It was from a speech she made to a symposium in Berkeley called “Raising the Bar: Latino and Latina Presence in the Judiciary and the Struggle for Representation.” Steele leaves off the last part of the sentence, “who hasn’t lived that life.” She was actually commenting on a statement often attributed to Sandra Day O’Connor. Here is the whole quote: “Whether born from experience or inherent physiological or cultural differences, a possibility I abhor less or discount less than my colleague Judge Cedarbaum, our gender and national origins may and will make a difference in our judging. Justice O'Connor has often been cited as saying that a wise old man and wise old woman will reach the same conclusion in deciding cases. I am not so sure Justice O'Connor is the author of that line since Professor Resnik attributes that line to Supreme Court Justice Coyle. I am also not so sure that I agree with the statement. First, as Professor Martha Minnow has noted, there can never be a universal definition of wise. Second, I would hope that a wise Latina woman with the richness of her experiences would more often than not reach a better conclusion than a white male who hasn't lived that life.” It is worth pointing out that O’Connor often broke with her conservative colleagues on gender issues, even voting to uphold Roe v. Wade, even though she was otherwise reliably conservative. This tends to be true of most women on the bench.

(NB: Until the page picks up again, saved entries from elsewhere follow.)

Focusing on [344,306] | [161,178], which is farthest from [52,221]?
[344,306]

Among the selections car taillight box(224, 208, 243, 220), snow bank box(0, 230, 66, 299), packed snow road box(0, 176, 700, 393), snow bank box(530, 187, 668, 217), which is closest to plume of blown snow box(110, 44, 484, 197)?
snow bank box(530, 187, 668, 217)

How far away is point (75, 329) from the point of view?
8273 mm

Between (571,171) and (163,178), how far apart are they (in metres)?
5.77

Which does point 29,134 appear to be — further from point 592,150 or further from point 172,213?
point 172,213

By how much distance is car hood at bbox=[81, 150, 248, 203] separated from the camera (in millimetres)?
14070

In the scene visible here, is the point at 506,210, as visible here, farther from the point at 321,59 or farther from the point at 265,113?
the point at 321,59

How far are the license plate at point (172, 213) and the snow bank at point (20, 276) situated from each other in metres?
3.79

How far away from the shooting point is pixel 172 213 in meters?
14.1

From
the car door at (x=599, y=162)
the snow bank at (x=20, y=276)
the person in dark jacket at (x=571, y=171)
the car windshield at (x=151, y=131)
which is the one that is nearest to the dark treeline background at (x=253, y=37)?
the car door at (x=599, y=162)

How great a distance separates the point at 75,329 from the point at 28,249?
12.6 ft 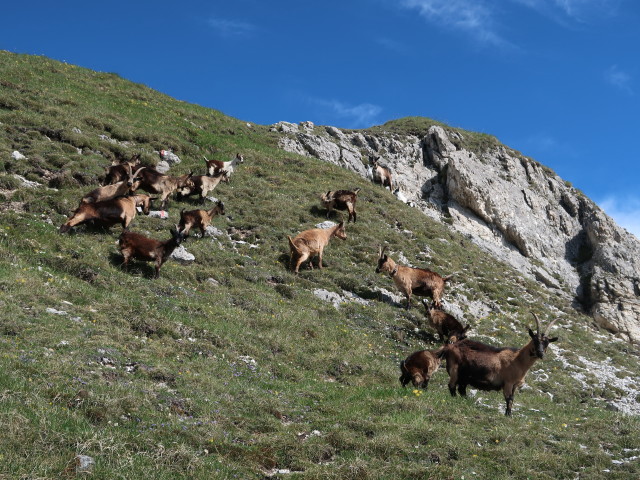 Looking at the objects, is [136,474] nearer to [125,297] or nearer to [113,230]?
[125,297]

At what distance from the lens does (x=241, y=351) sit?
43.8 feet

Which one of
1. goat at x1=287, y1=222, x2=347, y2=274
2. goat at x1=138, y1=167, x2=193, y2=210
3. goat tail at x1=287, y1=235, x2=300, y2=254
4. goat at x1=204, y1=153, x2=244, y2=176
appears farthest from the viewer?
goat at x1=204, y1=153, x2=244, y2=176

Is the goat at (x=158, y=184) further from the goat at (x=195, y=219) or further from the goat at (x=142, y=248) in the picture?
the goat at (x=142, y=248)

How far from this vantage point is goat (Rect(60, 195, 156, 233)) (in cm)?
1747

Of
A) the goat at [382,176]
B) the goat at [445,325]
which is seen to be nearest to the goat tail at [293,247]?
the goat at [445,325]

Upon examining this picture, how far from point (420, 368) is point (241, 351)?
4366mm

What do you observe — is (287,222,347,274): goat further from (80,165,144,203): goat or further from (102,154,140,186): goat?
(102,154,140,186): goat

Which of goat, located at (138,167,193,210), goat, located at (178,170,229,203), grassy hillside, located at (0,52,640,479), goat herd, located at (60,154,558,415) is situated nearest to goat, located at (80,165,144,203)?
goat herd, located at (60,154,558,415)

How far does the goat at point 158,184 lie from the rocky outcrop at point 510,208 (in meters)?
18.3

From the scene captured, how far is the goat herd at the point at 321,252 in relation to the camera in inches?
499

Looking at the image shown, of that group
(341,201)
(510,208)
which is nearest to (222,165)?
(341,201)

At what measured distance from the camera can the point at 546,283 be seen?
3909 cm

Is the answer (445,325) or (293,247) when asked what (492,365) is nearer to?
(445,325)

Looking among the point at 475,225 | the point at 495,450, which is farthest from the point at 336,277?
the point at 475,225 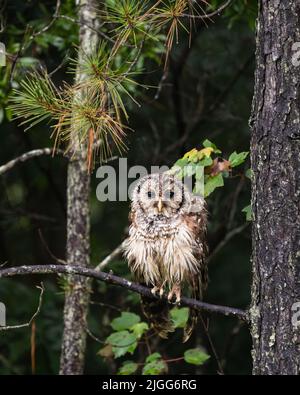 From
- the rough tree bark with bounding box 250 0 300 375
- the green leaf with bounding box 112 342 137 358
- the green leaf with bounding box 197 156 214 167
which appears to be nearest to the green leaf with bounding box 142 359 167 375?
the green leaf with bounding box 112 342 137 358

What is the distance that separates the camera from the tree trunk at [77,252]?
5.79 m

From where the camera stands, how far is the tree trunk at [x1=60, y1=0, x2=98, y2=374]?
579 centimetres

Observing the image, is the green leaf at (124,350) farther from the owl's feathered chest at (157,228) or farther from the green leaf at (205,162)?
the green leaf at (205,162)

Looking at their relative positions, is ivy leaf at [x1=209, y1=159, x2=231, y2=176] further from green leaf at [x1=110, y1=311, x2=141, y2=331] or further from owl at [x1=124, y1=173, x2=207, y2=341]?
green leaf at [x1=110, y1=311, x2=141, y2=331]

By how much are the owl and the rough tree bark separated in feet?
4.34

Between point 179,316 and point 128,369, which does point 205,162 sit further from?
point 128,369

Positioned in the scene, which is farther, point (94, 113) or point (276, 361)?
point (94, 113)

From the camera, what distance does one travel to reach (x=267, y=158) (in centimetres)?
386

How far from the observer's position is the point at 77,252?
5.80 metres

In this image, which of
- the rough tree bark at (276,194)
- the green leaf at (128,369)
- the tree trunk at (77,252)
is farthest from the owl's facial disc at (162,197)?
the rough tree bark at (276,194) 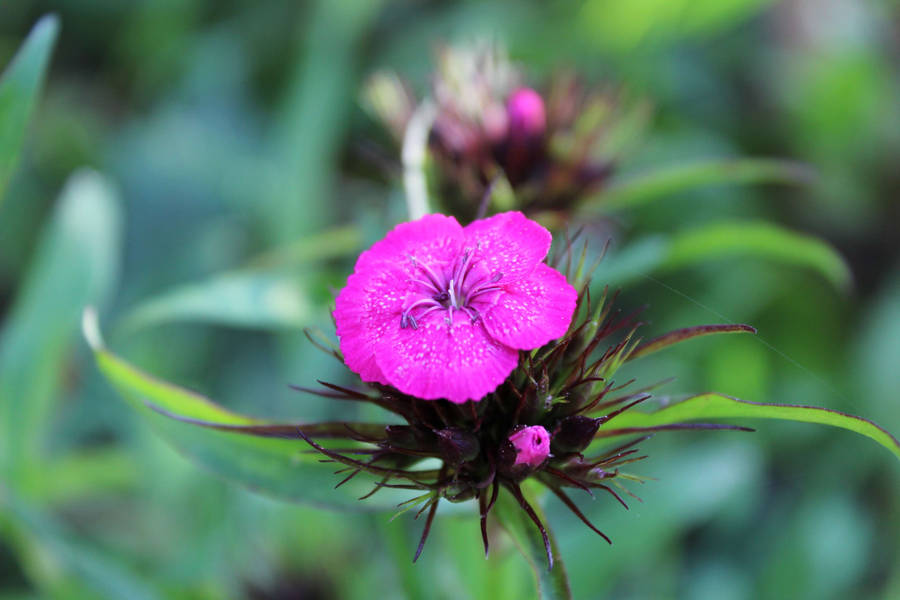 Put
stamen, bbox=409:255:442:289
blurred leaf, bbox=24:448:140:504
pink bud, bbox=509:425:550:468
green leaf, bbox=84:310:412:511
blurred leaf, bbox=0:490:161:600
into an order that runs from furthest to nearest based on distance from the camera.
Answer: blurred leaf, bbox=24:448:140:504
blurred leaf, bbox=0:490:161:600
green leaf, bbox=84:310:412:511
stamen, bbox=409:255:442:289
pink bud, bbox=509:425:550:468

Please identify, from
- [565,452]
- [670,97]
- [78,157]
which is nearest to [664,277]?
[670,97]

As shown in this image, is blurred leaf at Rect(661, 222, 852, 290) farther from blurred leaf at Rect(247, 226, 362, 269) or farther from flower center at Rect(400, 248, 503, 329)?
flower center at Rect(400, 248, 503, 329)

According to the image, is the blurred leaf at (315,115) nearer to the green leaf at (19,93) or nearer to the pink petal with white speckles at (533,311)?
the green leaf at (19,93)

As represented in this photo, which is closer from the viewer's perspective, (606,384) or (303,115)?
(606,384)

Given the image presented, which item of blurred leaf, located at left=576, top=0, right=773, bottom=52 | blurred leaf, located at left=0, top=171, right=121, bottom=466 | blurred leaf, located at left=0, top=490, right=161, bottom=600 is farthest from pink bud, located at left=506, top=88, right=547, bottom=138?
blurred leaf, located at left=576, top=0, right=773, bottom=52

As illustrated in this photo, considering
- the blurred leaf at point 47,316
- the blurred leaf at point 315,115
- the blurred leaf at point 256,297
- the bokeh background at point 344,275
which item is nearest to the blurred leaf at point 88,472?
the bokeh background at point 344,275

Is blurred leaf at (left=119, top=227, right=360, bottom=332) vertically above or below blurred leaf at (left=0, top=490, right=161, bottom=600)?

The speech obviously provides a lot of ammo for the conservatives who think there is no such thing as ethnic experience in this country (something only the majority can believe). Sotomayor was treading dangerous ground from the beginning, when she said “I intend tonight to touch upon the themes that this conference will be discussing this weekend and to talk to you about my Latina identity, where it came from, and the influence I perceive it has on my presence on the bench.” Since conservatives believe that that personal identity should have no influence on judicial decisions (our greatest jurist, Thurgood Marshal argued exactly the opposite) I’m surprised this statement hasn’t made the rounds of the nattering class. Sotomayor’s point is that everybody brings their experiences to the table, and that diversity is a good thing. Even Scalia noted this in an oblique way when he acknowledged the power with which Marshal spoke of race, and how heavily his words were weighed, when cases involving discrimination came before the court.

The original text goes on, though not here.